Trope-a-Day: Futuristic Superhighway

Futuristic Superhighway: Well, now.  They have lots of those.  Apart from a few changes in materials, most of them look much like roads everywhere; the differences come in the technology buried in the road, such as the built-in power grid that lets vehicles recharge as they drive, and warms the road in winter to melt snow and ice, the road-grid that provides automated traffic management and routing (in cities and on the main routes, no-one drives on manual), the data connectivity, and the accompanying smart-road nodes that let the road itself provide you with local information and geosocial data.

While cargo delivery is mostly done at or below ground level (by wheeled – well, sphered, for ease of maneuvering in urban spaces – vehicles, even), the most common personal vehicle is the four-to-six-person vector-control flitter, a “flying car”; and while a fair few of them mingle with the freight traffic at ground level, even more are herded into the flyways at various heights above the highways to take them wherever they wish to go, all delineated by augmented-reality signs and guides (and, in urban areas, by actual building spars holding support hardware.

Oddly enough, while there is a lot more traffic than there used to be, the roads really aren’t that much wider, which is a combination of so much traffic being shunted into flyways above the highways, and of the road-grid automation letting cars pack much more closely together, when needed, than merely biological reflexes would support with the same safety margins.

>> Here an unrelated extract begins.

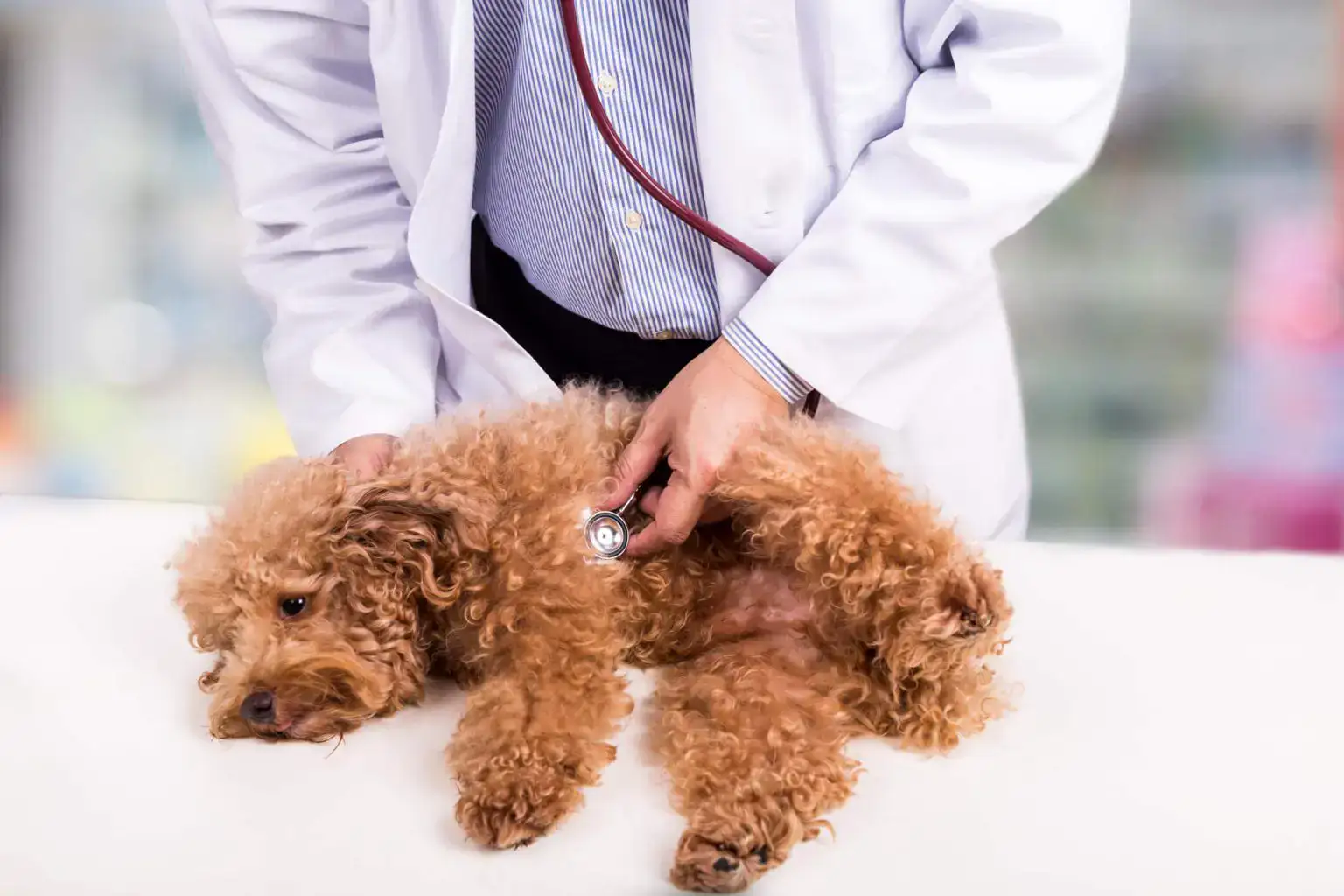 Comida para perros con colitis – Tratamiento de la enfermedad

And, of course, some changes in road features; the embarkation loops and bays where vehicles can stop to deposit or pick up their drivers before heading off to park themselves (and, obviously, no vehicles parked by the side of the road when the automation can let them drive themselves off and stow themselves in a buried parking hive until called for); the skymerge lanes in the middle of the highways where flitters transition between highway and flyway; and in general, a distinct lack of road markings and traffic signals which are all handled by AR systems – or at the very least, the vehicle HUDs – or automation in lieu of messy street furniture.

(And sometimes, they do have highway tunnel systems, extraordinarily long bridges – of multiple, even many miles – air-conditioned or environmentally supported highways on hostile worlds or in hostile regions, or highway tubes that dive beneath the oceans.)